3. Run a windowed spatial query, returning geometry as WKB.

query = """
SELECT building_id, area_m2, ST_AsWKB(geom) AS wkb
FROM 'buildings.parquet'
WHERE ST_Intersects(
    geom,
    ST_MakeEnvelope(7.60, 45.00, 7.80, 45.10)   -- lon/lat window, EPSG:4326
)
AND area_m2 > 120
"""
result_df = con.sql(query).df()

4. Rebuild a GeoDataFrame, setting the CRS explicitly.

import geopandas as gpd

buildings = gpd.GeoDataFrame(
    result_df.drop(columns="wkb"),
    geometry=gpd.GeoSeries.from_wkb(result_df["wkb"]),
    crs="EPSG:4326",
)

5. (Optional) Query remote GeoParquet over HTTP range requests.

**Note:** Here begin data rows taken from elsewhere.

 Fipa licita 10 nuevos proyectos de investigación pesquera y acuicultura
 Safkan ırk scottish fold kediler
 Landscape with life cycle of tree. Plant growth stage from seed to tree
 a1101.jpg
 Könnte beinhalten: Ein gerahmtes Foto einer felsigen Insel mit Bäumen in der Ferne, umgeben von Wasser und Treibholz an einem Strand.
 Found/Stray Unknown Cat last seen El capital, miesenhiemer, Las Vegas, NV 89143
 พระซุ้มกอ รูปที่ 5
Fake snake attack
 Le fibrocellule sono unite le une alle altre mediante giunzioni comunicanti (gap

con.install_extension("httpfs")
con.load_extension("httpfs")
remote_count = con.sql(
    "SELECT count(*) FROM 'https://data.example.com/parcels.parquet' "
    "WHERE ST_Area(geom) > 1000"
).fetchone()[0]
print("Matching parcels:", remote_count)

Verification

Confirm the result decoded to real geometries with the expected CRS and that the spatial filter actually narrowed the set.

print("Rows returned:", len(buildings))            # Rows returned: 4127
print("CRS:", buildings.crs.to_epsg())             # CRS: 4326
print("Geom type:", buildings.geometry.geom_type.unique())  # ['Polygon']
assert buildings.geometry.notnull().all()

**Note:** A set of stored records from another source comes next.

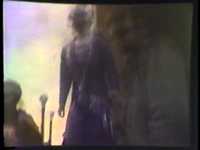 pochette album Surfin' cows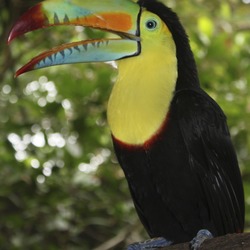 Toucan Keel billed toucan Ramphastos (2)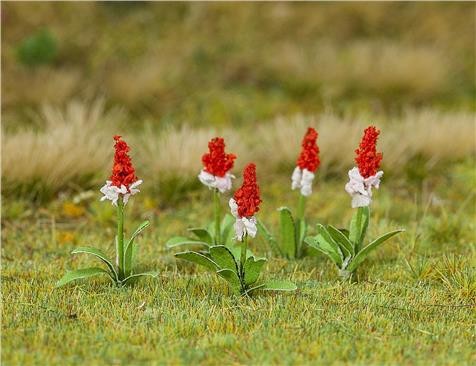 Faller 01.181267 32 Orchideenprimel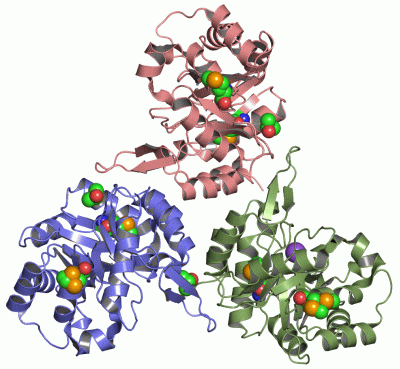 Image Asym./Biol. Unit - manually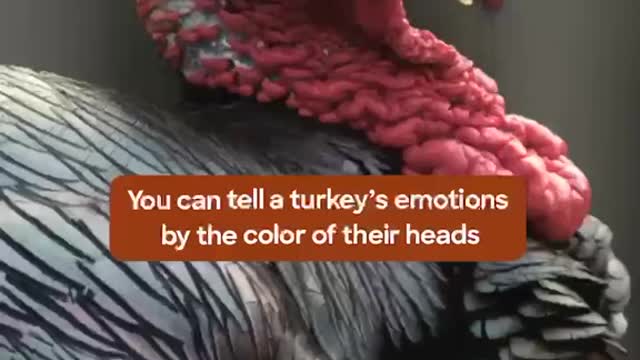 turkey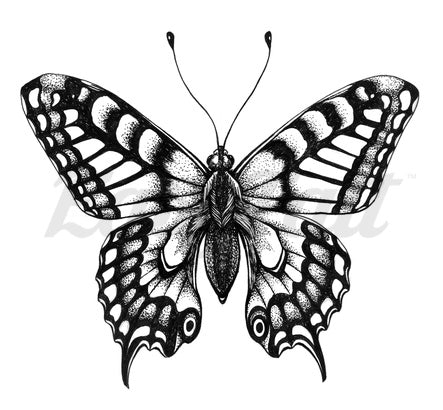 Beautiful Butterfly - Temporary Tattoo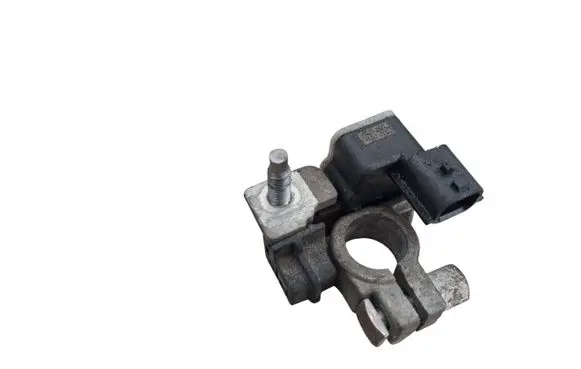 Renault Clio IV Negative earth cable (battery) 250825784R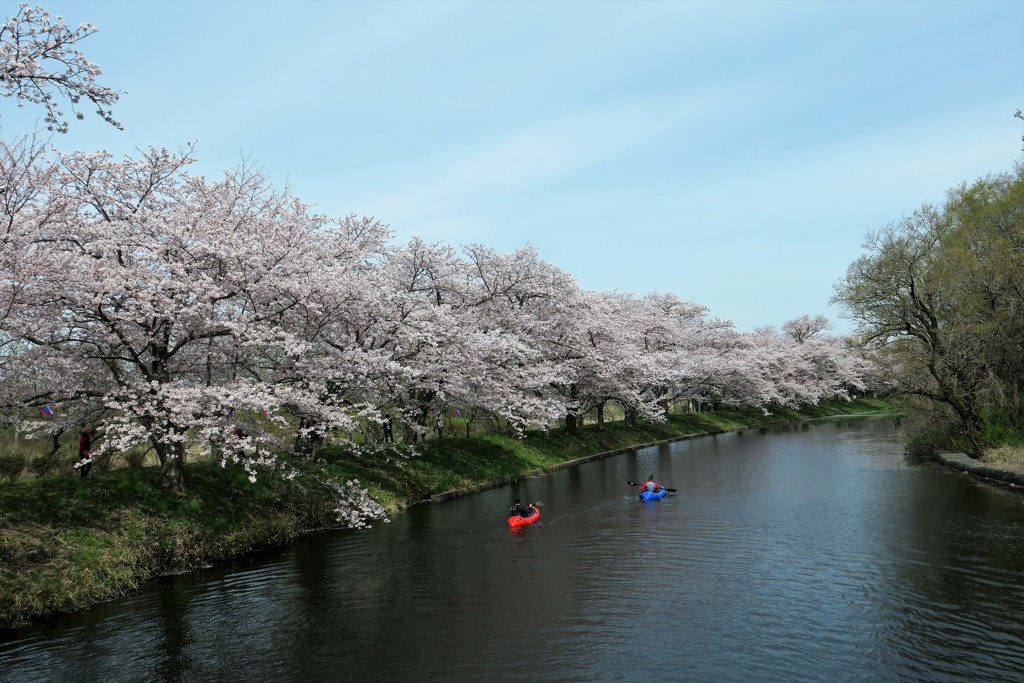 福岡堰の桜１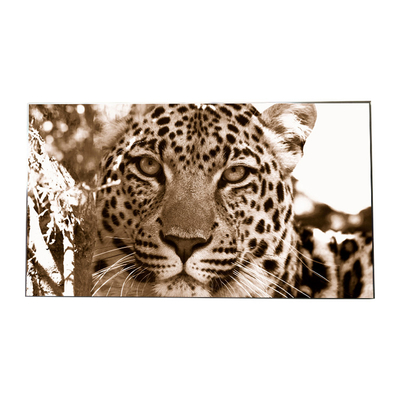 good price Original LG LCD Video Wall Panels LD550DUS-SEF1 1920*1080 Resolution online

# All features fall inside the requested window
minx, miny, maxx, maxy = buildings.total_bounds
assert 7.60 <= minx and maxx <= 7.80, "Filter window not respected"

Edge Cases & Debugging

spatial functions undefined. Load the extension every session: con.load_extension("spatial").
CRS is None after conversion. Pass crs="EPSG:4326" (or the file's real CRS) when building the GeoDataFrame.
Areas in the millions or billions. You computed on degrees; wrap geometry in ST_Transform(geom, 'EPSG:4326', 'EPSG:32632') before ST_Area.
Slow despite filtering. The file lacks row-group bbox stats (older writers); rewrite it with a recent GeoParquet writer to enable skipping.
Remote read fails. Load httpfs and ensure the host serves HTTP range requests with CORS.
Geometry column named differently. It may be geometry, not geom; check DESCRIBE output and adjust the SQL.